→ **Problem**: Output, exactly and alone, the lines from the one containing "3m Nylon Cable" through the last line of the material below, both ends included.

• • • •

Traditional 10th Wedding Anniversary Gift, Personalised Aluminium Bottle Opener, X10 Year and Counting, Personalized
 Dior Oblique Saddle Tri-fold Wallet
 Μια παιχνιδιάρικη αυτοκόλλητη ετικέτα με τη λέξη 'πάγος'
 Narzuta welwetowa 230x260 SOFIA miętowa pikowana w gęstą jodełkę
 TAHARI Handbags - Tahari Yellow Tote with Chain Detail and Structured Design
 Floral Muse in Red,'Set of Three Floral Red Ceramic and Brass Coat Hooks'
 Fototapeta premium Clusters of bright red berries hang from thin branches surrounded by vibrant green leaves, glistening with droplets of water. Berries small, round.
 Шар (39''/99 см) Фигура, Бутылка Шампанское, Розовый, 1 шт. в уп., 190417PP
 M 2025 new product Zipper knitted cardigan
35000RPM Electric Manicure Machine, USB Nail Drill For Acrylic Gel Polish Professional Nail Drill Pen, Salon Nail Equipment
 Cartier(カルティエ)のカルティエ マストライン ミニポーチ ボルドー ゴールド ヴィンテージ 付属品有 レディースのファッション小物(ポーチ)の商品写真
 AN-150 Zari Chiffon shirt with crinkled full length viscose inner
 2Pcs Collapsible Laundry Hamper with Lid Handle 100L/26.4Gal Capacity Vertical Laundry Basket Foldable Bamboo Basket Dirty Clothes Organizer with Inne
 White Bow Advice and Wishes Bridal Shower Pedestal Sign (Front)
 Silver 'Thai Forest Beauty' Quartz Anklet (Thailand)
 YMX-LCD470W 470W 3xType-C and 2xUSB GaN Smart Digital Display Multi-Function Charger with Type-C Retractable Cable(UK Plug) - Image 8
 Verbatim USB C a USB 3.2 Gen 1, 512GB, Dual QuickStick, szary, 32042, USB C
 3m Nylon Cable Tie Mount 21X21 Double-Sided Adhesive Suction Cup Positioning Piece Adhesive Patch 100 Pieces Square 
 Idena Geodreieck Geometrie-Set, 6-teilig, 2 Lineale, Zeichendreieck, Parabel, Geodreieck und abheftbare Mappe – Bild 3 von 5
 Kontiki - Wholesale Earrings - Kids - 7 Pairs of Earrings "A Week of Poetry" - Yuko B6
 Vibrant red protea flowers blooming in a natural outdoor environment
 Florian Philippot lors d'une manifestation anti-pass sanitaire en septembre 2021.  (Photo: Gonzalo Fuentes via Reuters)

• • • •

→ **Task result**:
 3m Nylon Cable Tie Mount 21X21 Double-Sided Adhesive Suction Cup Positioning Piece Adhesive Patch 100 Pieces Square 
 Idena Geodreieck Geometrie-Set, 6-teilig, 2 Lineale, Zeichendreieck, Parabel, Geodreieck und abheftbare Mappe – Bild 3 von 5
 Kontiki - Wholesale Earrings - Kids - 7 Pairs of Earrings "A Week of Poetry" - Yuko B6
 Vibrant red protea flowers blooming in a natural outdoor environment
 Florian Philippot lors d'une manifestation anti-pass sanitaire en septembre 2021.  (Photo: Gonzalo Fuentes via Reuters)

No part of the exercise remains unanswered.